A properly constructed estate plan involves the integration of all your legal and financial matters.

A properly constructed estate plan involves the following:

  • Will: A will is the central part of any estate plan. It sets out how you want your assets to be distributed and can be as straightforward or comprehensive a document as necessary.
  • Power of Attorney: Your power of attorney operates in circumstances before death where you may be suffering from either a temporary or permanent legal disability and are unable to make decisions for yourself.
  • Testamentary Trust: A testamentary trust can be used in conjunction with a will to provide for ongoing control of your assets after death. It may be used when there is a concern that the assets are at risk of dissipation through blending of families, divorce or legal proceedings involving your children.
  • Superannuation: This does not form part of your estate but it should be considered as part of your estate plan. There will be some occasions where a superannuation death benefit should be paid to your estate and others where it is more beneficial for the superannuation to be paid directly to your nominees.
  • Financial Goals and Insurance: This is included for completeness so that all matters relating to your financial affairs, including insurance, are taken into account and are not forgotten.
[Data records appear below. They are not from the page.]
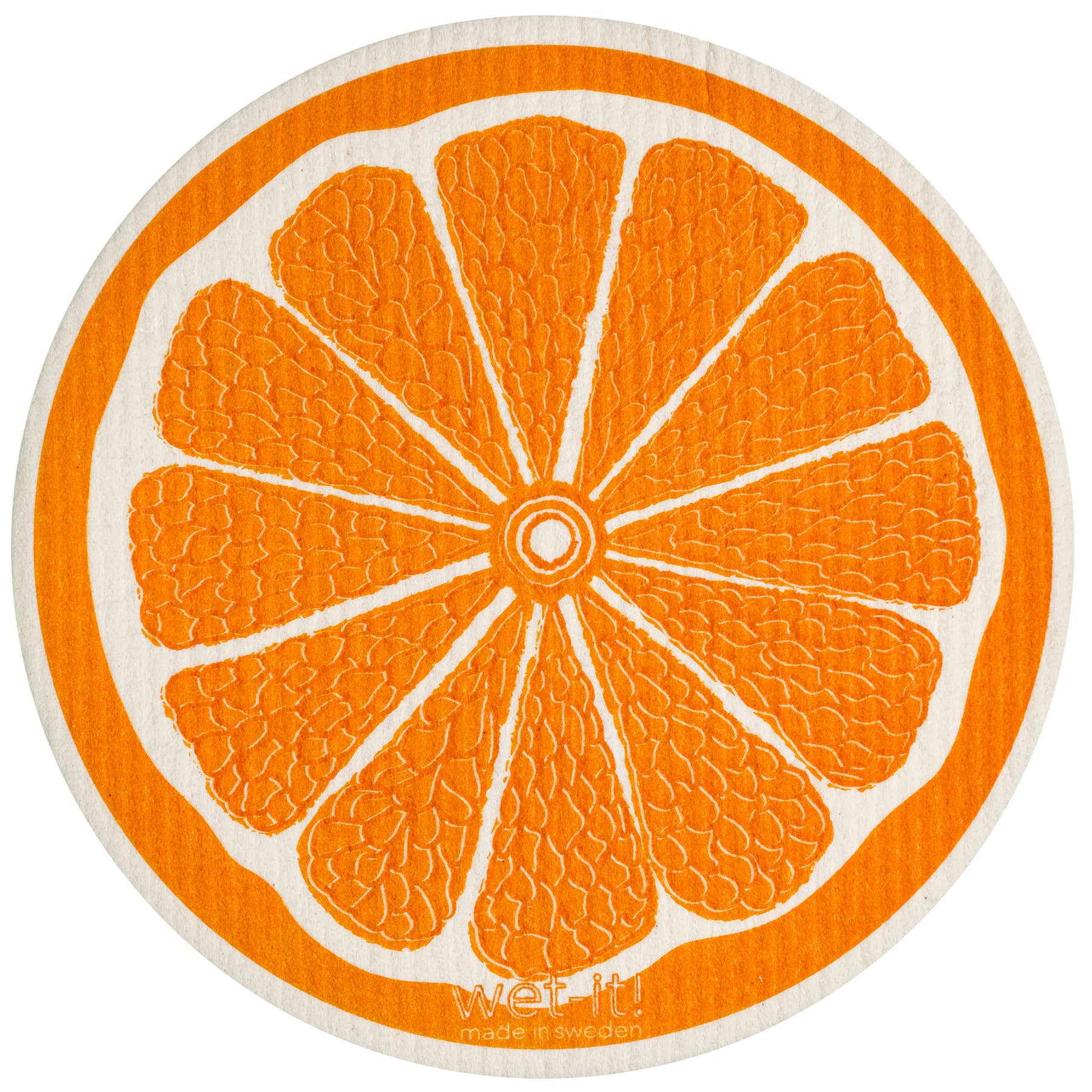 Orange Round Swedish Cloth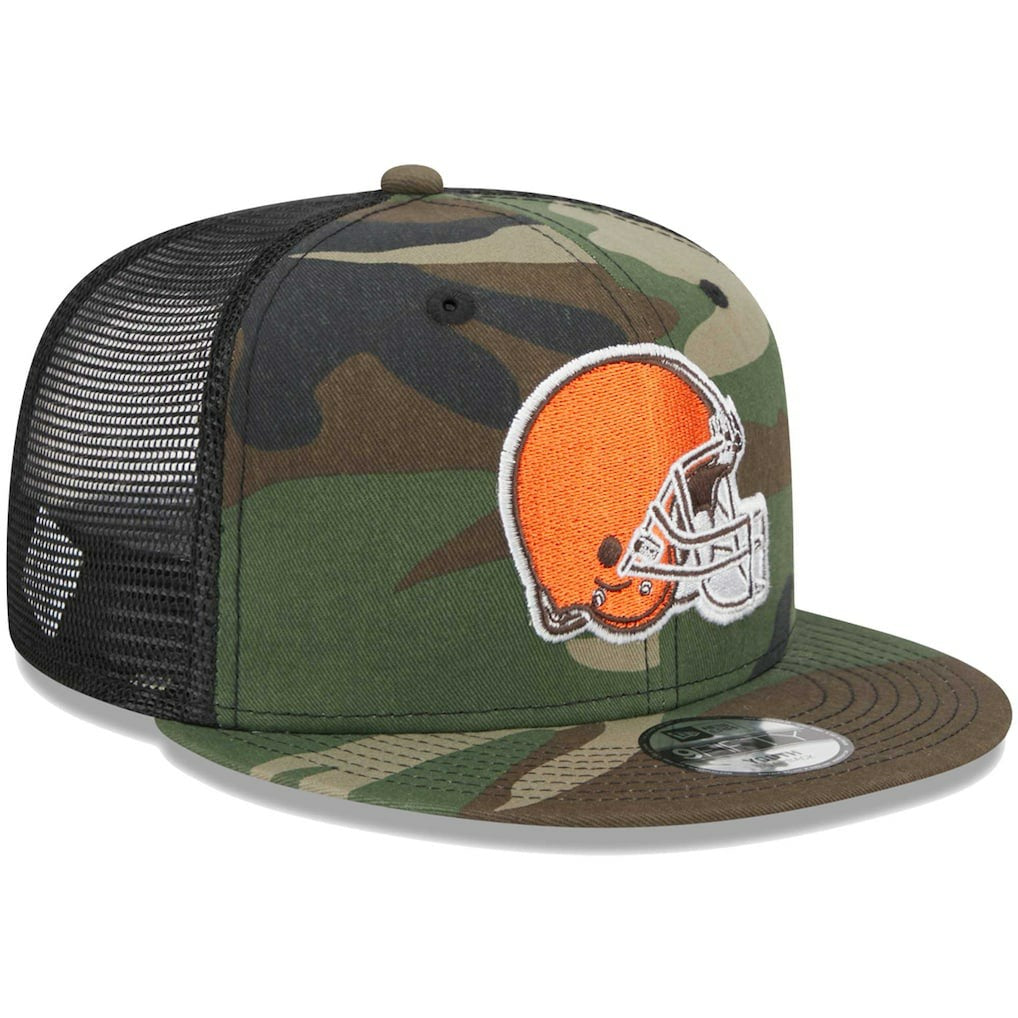 Cleveland Browns New Era Youth Main Trucker 9FIFTY Snapback Hat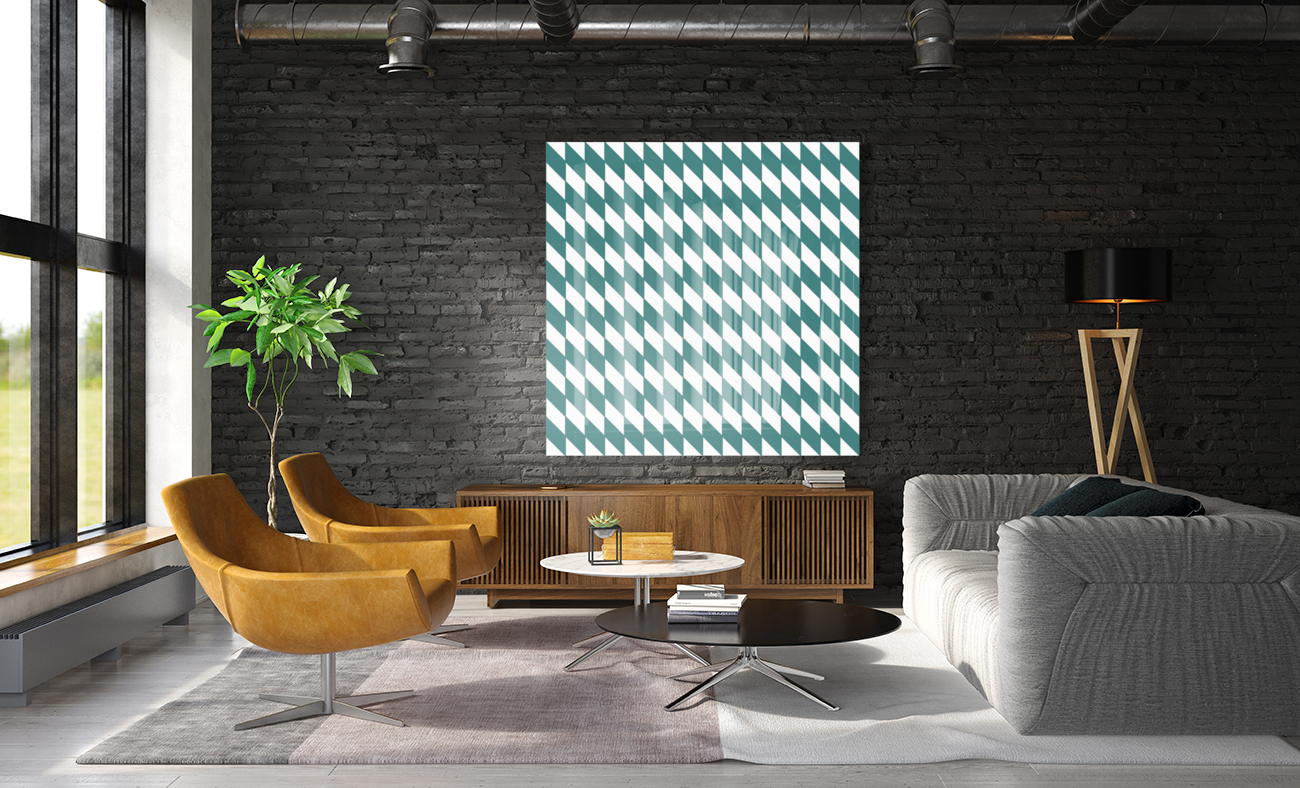 Light Green Checkers Pattern Reproduction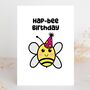 Happy Birthday Bumble Bee Card, thumbnail 5 of 5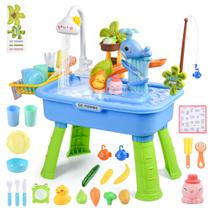 Mesa de Água HUASHILUO Brinquedo Infantil com Bomba Elétrica Mesa de Água HUASHILUO Brinquedo Infantil com Bomba Elétrica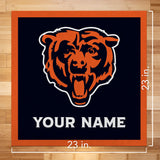 Chicago Bears 23" Personalized Felt Wall Banner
The executor is the person who administers and carries out the terms of your will. The appointment of an executor is done as a term of your will. Your will creates a trust and your executor of the estate is the person who holds the estate in trust. That person becomes the trustee for the deceased estate trust. The executor is responsible for administering the deceased estate in the best interest of the beneficiaries of the estate.

If you are a diligent reader of our articles, then you will already be aware of the importance of having a valid Will. However there are other things that you should do to make the lives of your executors and beneficiaries a lot easier. We have put together a checklist of some things that you ought to do before you die – an “if I kick the bucket then…” list so to speak. The checklist should be kept in a safe place identifying where the original Will and Enduring Power of Attorney are kept. The list should include either a copy of the Will or at least mention the date on which it is signed.

The checklist should include:

Accounts and Investments:
The BSB and account numbers for any accounts or credit cards you have as well as the details of any shareholdings and real estate.

Include sufficient details of policies such as the policy number and type of insurance.

Motor vehicles:
The registration number and VIN.

If you have an accountant, financial planner, lawyer or other professional advisor include their contact details. If you have a business include details of where the company records are kept.

Important documents:
If important documents (such as certificates of title), valuables or personal items are being held in safe custody elsewhere you should identify the location.

Your digital life:
Include all your email login in details and loyalty scheme account details. This includes your membership to social media and cloud data sites so your executors and family may be able to access your on-line data, including books or music files.

Direct Debits:
If you have any direct debits in place you should include details so that they can be cancelled pending a grant of probate.

Your most recent superannuation statement(s) should also be included. If it is self managed super, the deed and financial statement should be included.

And lastly, tell your executors:
Make sure your executors know where the list is!
If you follow these steps, it will make the job of your executor far easier. You would be surprised by the amount of time and money that can be saved when an executor does not need to spend weeks searching through your belongings and paperwork trying to figure out the details of your life.